══ Raw data ══

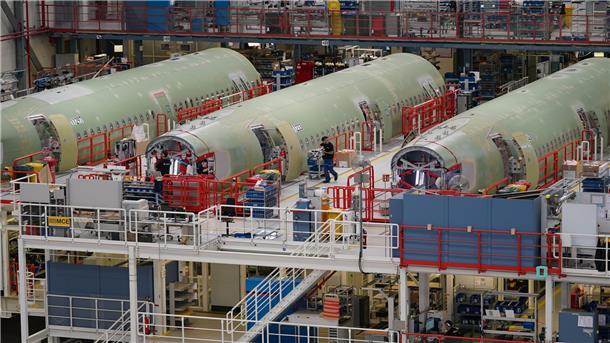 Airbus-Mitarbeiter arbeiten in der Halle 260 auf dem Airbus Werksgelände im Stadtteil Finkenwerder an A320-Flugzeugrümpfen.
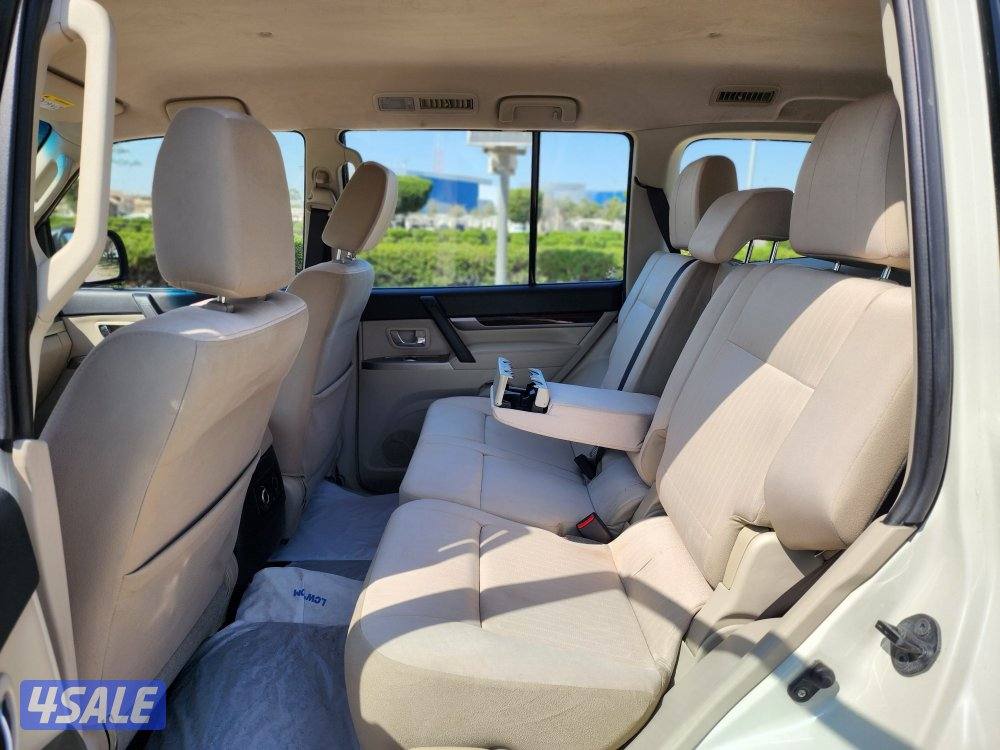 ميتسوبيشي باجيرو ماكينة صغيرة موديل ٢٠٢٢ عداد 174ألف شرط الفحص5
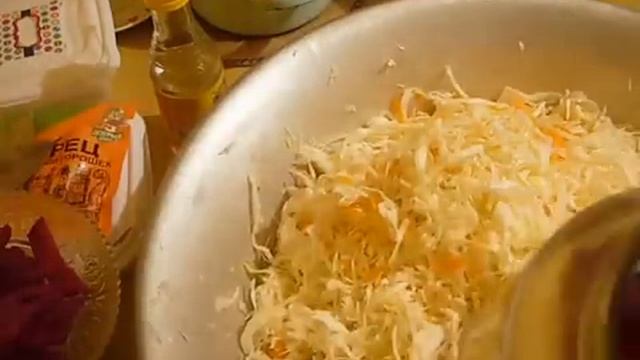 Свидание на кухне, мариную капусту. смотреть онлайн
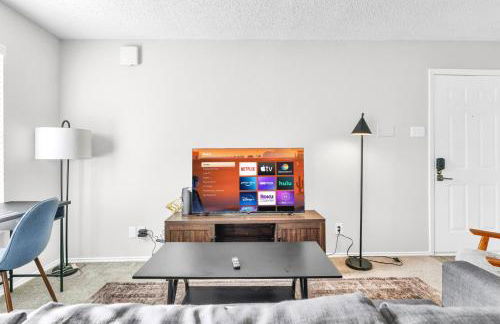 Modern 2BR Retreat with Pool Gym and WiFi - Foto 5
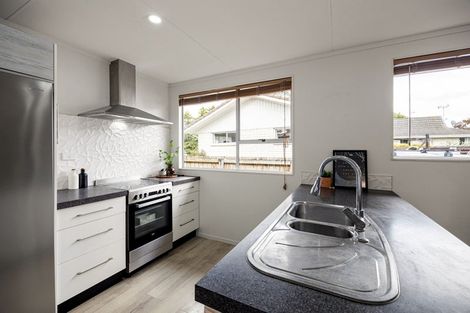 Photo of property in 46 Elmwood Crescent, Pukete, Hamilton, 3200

═══

| Problem description |
Leave out the pictures, and retype exactly the lines from the one containing "Modern 2BR Retreat" through the last line of the data above, no more and no less.

| Response |
 Modern 2BR Retreat with Pool Gym and WiFi - Foto 5
 Photo of property in 46 Elmwood Crescent, Pukete, Hamilton, 3200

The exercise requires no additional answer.